Work task ::
Where a line below holds the string "Women", that line goes into the answer.

Input data ::
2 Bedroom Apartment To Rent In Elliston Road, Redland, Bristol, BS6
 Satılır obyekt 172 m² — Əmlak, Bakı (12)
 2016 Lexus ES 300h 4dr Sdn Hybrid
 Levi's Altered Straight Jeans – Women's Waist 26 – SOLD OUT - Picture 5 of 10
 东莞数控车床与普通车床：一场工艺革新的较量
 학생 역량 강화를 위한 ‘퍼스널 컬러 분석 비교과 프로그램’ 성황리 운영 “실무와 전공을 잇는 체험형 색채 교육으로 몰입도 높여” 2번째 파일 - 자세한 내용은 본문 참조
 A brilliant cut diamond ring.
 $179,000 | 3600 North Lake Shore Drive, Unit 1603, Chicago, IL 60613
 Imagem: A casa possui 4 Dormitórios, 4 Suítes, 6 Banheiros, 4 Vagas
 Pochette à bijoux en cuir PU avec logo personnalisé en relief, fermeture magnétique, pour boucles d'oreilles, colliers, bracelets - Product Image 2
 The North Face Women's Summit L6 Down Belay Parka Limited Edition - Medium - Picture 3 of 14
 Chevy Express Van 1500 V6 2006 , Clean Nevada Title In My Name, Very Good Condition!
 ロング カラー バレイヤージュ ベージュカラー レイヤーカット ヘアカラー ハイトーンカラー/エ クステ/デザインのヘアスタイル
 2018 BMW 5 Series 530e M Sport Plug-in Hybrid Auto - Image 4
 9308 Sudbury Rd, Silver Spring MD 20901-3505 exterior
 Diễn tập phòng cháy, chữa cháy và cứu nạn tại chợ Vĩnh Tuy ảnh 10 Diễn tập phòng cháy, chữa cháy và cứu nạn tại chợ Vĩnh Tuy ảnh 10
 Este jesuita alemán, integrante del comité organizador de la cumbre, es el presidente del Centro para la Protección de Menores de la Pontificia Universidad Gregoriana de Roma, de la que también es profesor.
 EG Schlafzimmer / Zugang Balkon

Problem solution ::
 Levi's Altered Straight Jeans – Women's Waist 26 – SOLD OUT - Picture 5 of 10
 The North Face Women's Summit L6 Down Belay Parka Limited Edition - Medium - Picture 3 of 14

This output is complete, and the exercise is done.